- **Work task**:
Return each line exactly, beginning with the one that has "эпидемии COVID-19 Пандемия" and finishing with the final line of the material. Drop any pictures.

- **Input data**:

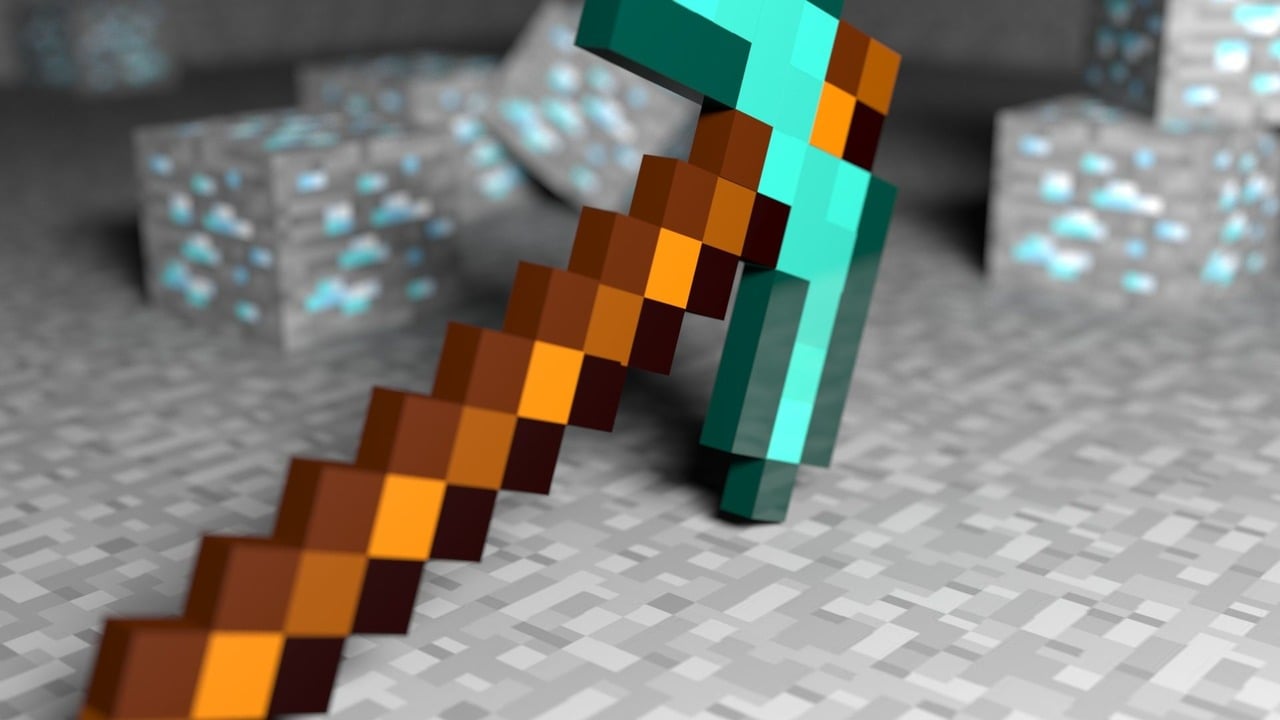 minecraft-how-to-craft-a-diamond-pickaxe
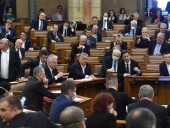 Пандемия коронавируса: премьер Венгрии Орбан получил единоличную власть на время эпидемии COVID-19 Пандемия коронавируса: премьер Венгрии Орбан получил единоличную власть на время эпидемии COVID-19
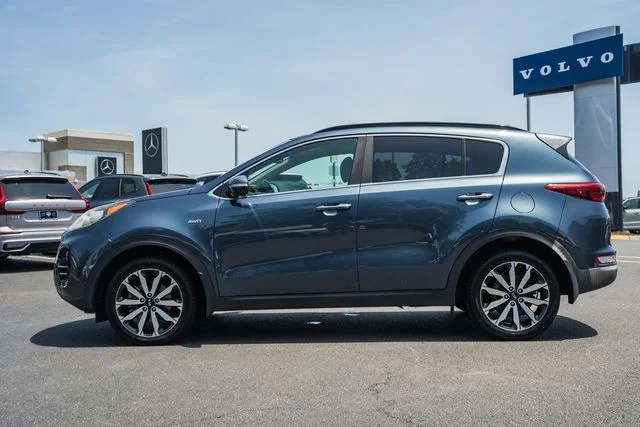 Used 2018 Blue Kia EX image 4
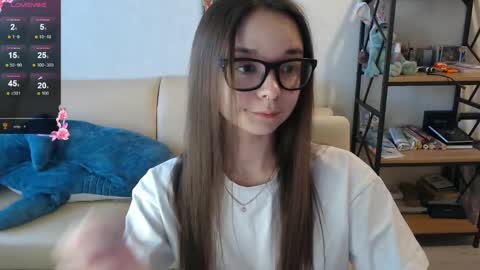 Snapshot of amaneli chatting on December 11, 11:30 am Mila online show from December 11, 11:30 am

- **Result below**:
 Пандемия коронавируса: премьер Венгрии Орбан получил единоличную власть на время эпидемии COVID-19 Пандемия коронавируса: премьер Венгрии Орбан получил единоличную власть на время эпидемии COVID-19
 Used 2018 Blue Kia EX image 4
 Snapshot of amaneli chatting on December 11, 11:30 am Mila online show from December 11, 11:30 am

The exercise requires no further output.